The unusual and legally dubious arrangement is a striking reversal for the Trump administration, which banned all H20 sales to China earlier this year. The president reportedly changed his mind about the issue after meeting with Nvidia CEO Jensen Huang, who has argued that allowing Chinese companies to buy H20s doesn’t pose a risk to US national security.

On one hand, this is a simple story about a president who appears to have been influenced by a powerful executive lobbying in his company’s interest. But beneath the surface, there’s a much more interesting and complicated saga about how we got here.

Nvidia introduced the H20 last year after the US government banned the company from selling a more powerful chip, the H800, to China. The move was part of an ambitious project orchestrated by Biden administration officials who believed the United States needed to prevent China from developing advanced artificial intelligence first.

For the past few months, I’ve been working closely with Graham Webster, a researcher at Stanford University who sought to understand how and why the Biden team decided the US needed to curb China’s access to advanced semiconductors in the first place.

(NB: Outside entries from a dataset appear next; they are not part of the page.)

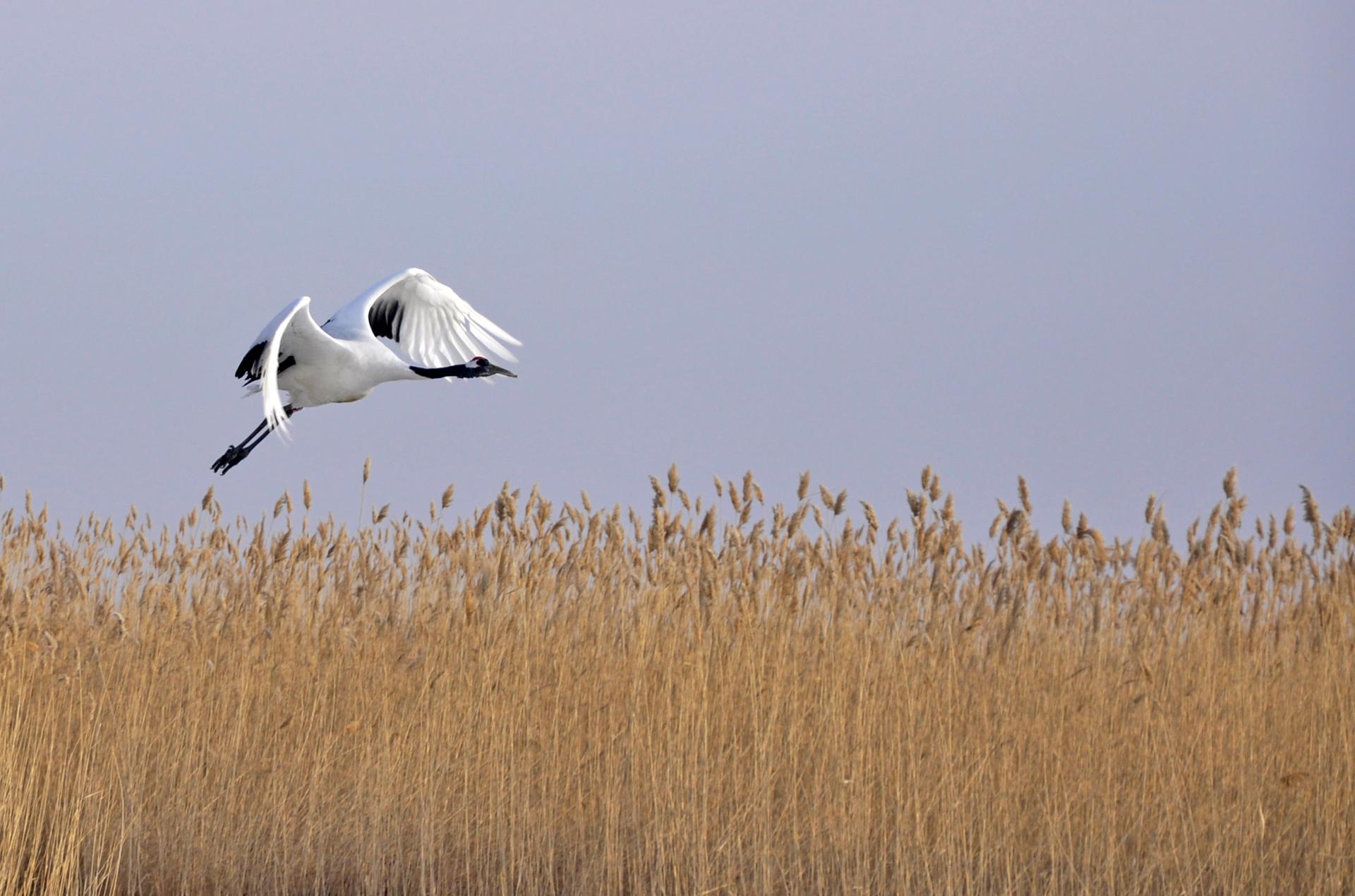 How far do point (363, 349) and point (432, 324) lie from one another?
1.03 metres

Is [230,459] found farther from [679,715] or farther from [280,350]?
[679,715]

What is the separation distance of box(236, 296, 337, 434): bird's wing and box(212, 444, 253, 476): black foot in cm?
31

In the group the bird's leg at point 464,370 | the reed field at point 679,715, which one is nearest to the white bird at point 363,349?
the bird's leg at point 464,370

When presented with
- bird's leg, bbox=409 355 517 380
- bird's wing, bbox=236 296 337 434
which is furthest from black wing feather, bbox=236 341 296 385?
bird's leg, bbox=409 355 517 380

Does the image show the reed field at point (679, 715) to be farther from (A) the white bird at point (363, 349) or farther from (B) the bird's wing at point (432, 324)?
(B) the bird's wing at point (432, 324)

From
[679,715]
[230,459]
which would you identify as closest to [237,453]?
[230,459]

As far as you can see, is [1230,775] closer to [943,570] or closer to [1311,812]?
[1311,812]

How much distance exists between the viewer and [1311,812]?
3551 mm

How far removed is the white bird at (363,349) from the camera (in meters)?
5.47

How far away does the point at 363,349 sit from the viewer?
5.77m

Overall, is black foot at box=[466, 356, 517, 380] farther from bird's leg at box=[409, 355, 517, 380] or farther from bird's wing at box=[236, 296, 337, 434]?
bird's wing at box=[236, 296, 337, 434]

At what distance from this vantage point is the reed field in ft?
11.0

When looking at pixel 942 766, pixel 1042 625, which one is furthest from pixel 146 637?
pixel 1042 625

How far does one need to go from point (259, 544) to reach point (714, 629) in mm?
1882
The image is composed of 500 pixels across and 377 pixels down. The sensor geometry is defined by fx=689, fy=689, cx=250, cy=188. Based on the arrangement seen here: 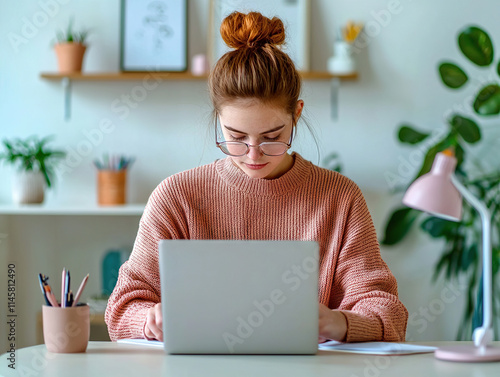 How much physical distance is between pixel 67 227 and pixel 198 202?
177 cm

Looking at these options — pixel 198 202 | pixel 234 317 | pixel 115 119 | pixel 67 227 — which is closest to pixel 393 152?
pixel 115 119

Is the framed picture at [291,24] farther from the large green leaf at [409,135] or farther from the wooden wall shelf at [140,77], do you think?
the large green leaf at [409,135]

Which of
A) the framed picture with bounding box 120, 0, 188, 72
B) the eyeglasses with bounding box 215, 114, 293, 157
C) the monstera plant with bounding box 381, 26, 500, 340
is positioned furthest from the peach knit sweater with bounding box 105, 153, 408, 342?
the framed picture with bounding box 120, 0, 188, 72

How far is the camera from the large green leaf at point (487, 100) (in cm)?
277

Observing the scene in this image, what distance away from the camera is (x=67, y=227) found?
3.21 m

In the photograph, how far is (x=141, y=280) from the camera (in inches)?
58.7

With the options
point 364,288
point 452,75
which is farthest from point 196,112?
point 364,288

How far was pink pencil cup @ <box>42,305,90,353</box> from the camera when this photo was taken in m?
1.21

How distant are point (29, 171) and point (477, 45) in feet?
6.49

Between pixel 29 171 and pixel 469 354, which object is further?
pixel 29 171

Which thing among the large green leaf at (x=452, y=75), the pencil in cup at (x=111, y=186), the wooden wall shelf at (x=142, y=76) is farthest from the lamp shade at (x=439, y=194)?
the pencil in cup at (x=111, y=186)

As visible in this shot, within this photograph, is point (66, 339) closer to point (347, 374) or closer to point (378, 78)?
point (347, 374)

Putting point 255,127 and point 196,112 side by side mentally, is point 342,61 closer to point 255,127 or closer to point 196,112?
point 196,112

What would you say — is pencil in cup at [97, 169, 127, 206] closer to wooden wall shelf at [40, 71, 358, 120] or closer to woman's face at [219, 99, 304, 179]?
wooden wall shelf at [40, 71, 358, 120] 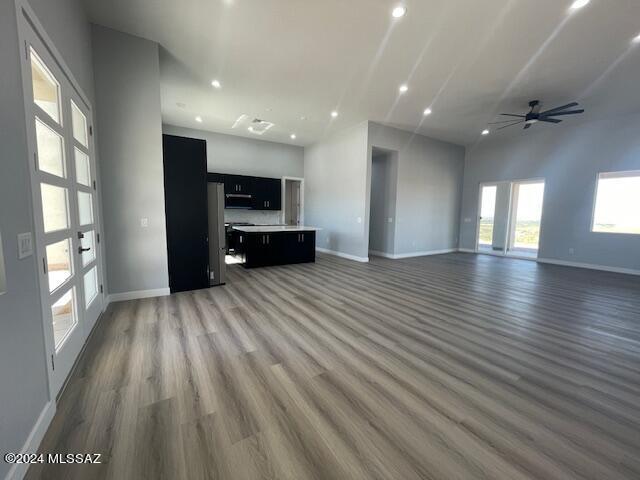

Today, WIRED is publishing Graham’s definitive account of what really happened behind the scenes, based on interviews with more than 10 former US officials and policy experts, some of whom spoke on the condition of anonymity.

“I did this piece because the official legal justification for the controls, military and human rights, was obviously never the whole story,” Graham told me. “Clearly AI was in the mix, and I wanted to understand why in some depth.”

Graham writes that several key officials in Biden’s White House and Commerce Department “believed AI was approaching an inflection point—or several—that could give a nation major military and economic advantages. Some believed a self-improving system or so-called artificial general intelligence could be just over the technical horizon. The risk that China could reach these thresholds first was too great to ignore.”

So the Biden team decided to take action. In the fall of 2022, they unveiled broad export controls aimed at preventing China from accessing the most advanced chips required for training powerful AI systems, as well as specialized equipment Beijing needed to modernize its own domestic chipmaking industry.

The move was the start of a multi-year project that “would reshape relations between the world’s two largest powers and alter the course of what may be one of the most consequential technologies in generations,” Graham writes.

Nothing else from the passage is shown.